Published: 1 September 1984 to 28 February 1987
Writers: John Wagner and Alan Grant (under the pseudonym Ian Holland)
Artist: José Ortiz
Crazed computer Max in charge of an elevator in a 17-storey apartment building - when someone bad or evil steps inside, Max would take them to The Thirteenth Floor, a virtual reality where they would be tormented or killed.
- Max later functioned as the fictional editor of Eagle. The strip was later reprinted from 23 February 1991.

==Thunderbolt & Smokey!==
Published: 27 March to 25 September 1982
Writer: Tom Tully
Two talented young footballers - Colin 'Thunderbolt' Dexter and Leo 'Smokey' Beckles - attempt to recruit an under-14s team for their school.
- Photo strip.

==Timespell==
Published: 11 October 1986 to 28 February 1987
Writer: Barrie Tomlinson (as D. Horton)
Artists: Ian Kennedy, Sandy James
After Simon Studkins saves the life of a tiny magical creature, it grants him wishes - though they have a tendency to backfire.

==The Tower King==

Published: 27 March to 4 September 1982
Writers: John Wagner and Alan Grant
Artist: José Ortiz
A malfunctioning solar-powered satellite bathes the Earth in radiation that makes the production of electricity in any form impossible.
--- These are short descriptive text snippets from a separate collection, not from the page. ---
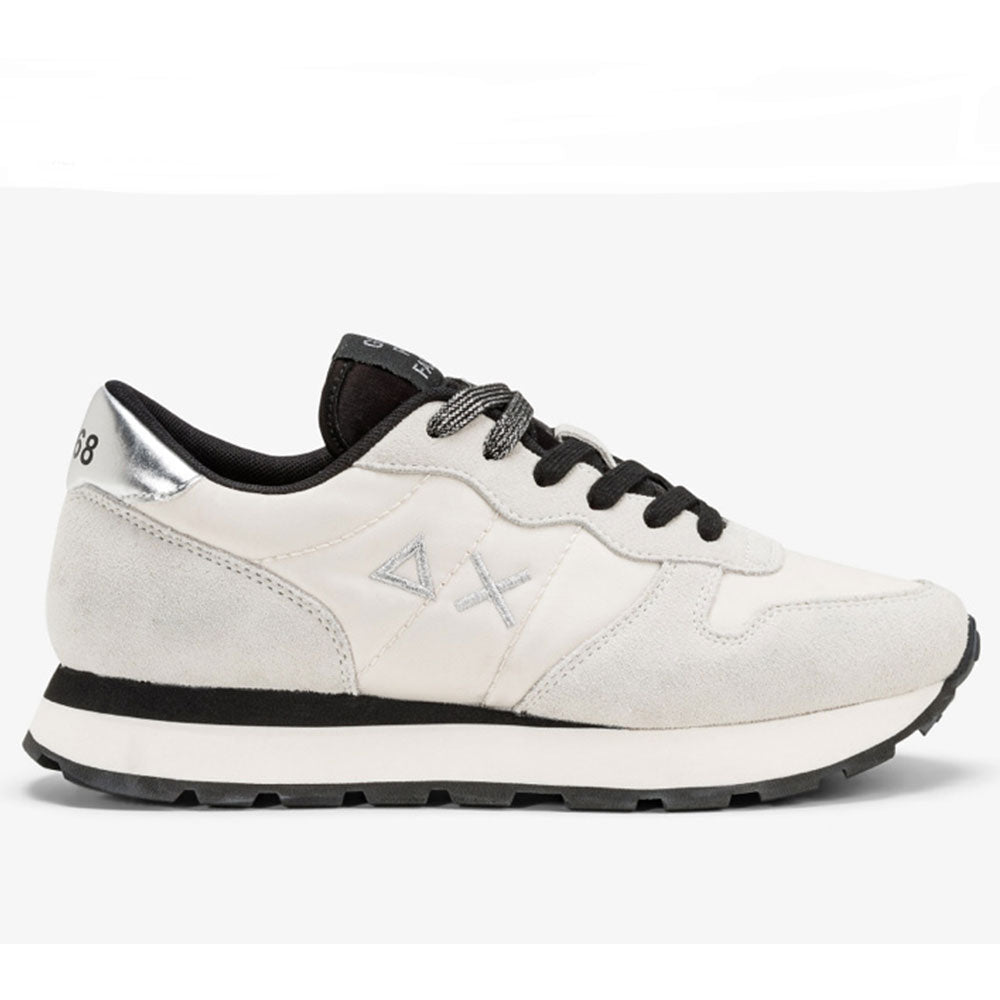 Scarpe Donna Sun68 Sneakers Ally Satin colore Bianco Panna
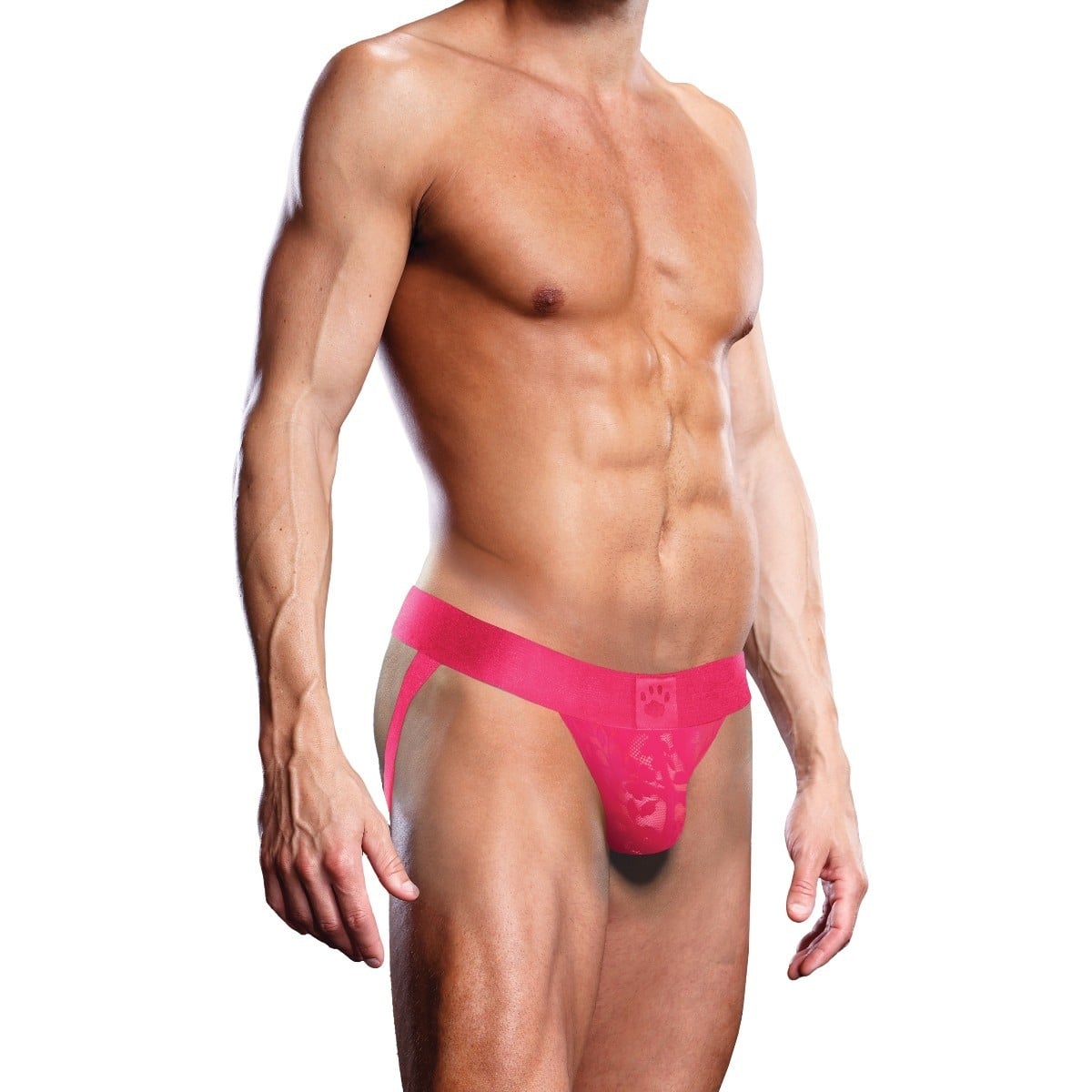 Krajkové jocksy Prowler Lace růžové S, pánské krajkové jocksy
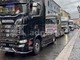 Continua la protesta di autotrasportatori e agricoltori, corteo rumoroso di tir e trattori a Campobasso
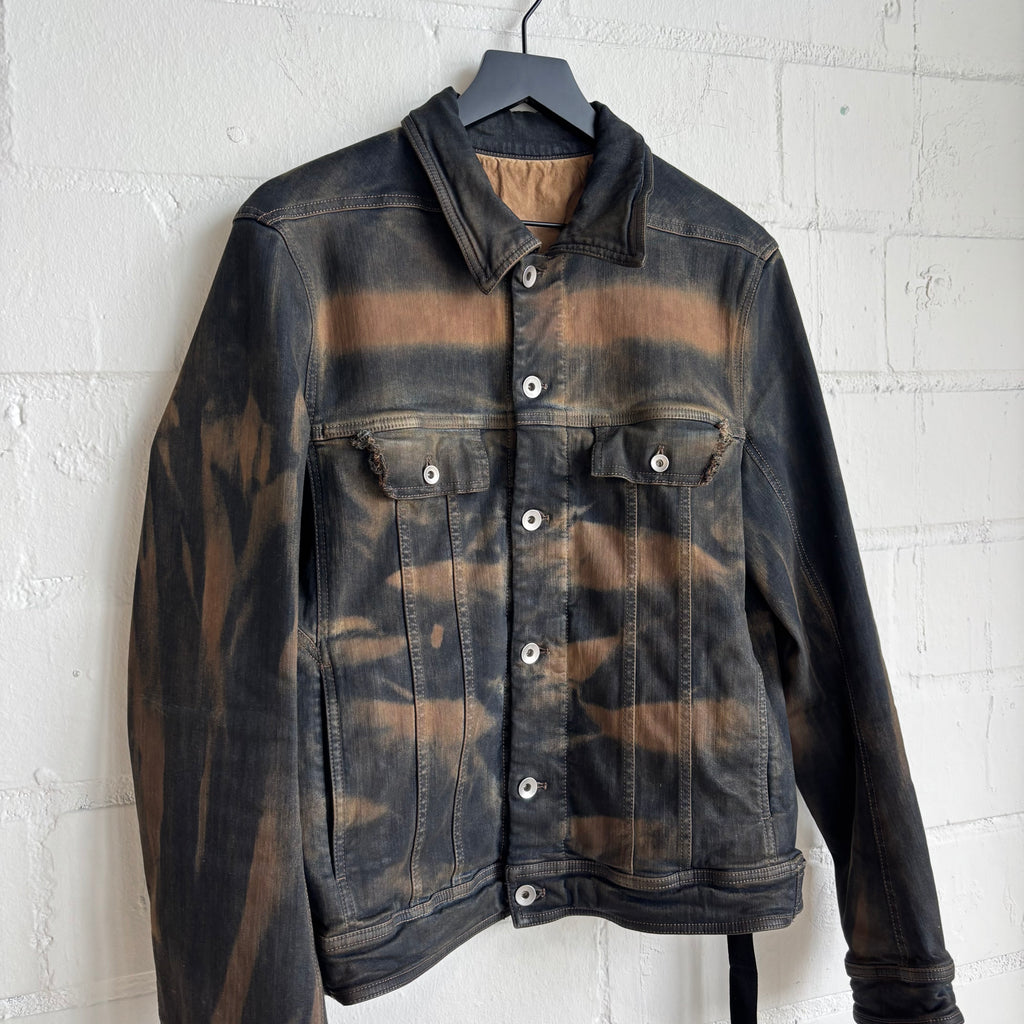 Rick Owens Acid Wash Work Jacket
Without heating, transport, food, or communication and in the middle of a heavy winter, London swiftly falls into mass panic, resulting in pseudo-medieval anarchy.

==Toys of Doom==
Published: 21 October 1989 to 21 April 1991
Artists: Eric Bradbury
Orphan Nick Jardine finds his late grandfather's collection of killer toys.
- A sequel to the story from Buster.

==Turbo Jones==

Published: 8 to 22 April 1989; 3 to 10 June 1989
Artist: Vanyo
Science-hero Turbo Jones discovered the meteor shower set to destroy Earth in 2492, and is the driving force behind the Wildcat mission. He also heads up one of the exploration teams, aided by cyborg chimpanzee Robo.
- Continued from Wildcat.

==Walk or Die==
Published: 18 June to 17 September 1983
Writer/s: Scott Goodall
Artist: Ramon Escolano Metaute
A group of children on a school trip to Canada become stranded in the wilderness after a plane crash.
- Initially a photo strip, switched to a conventional picture strip from 24 September 1983.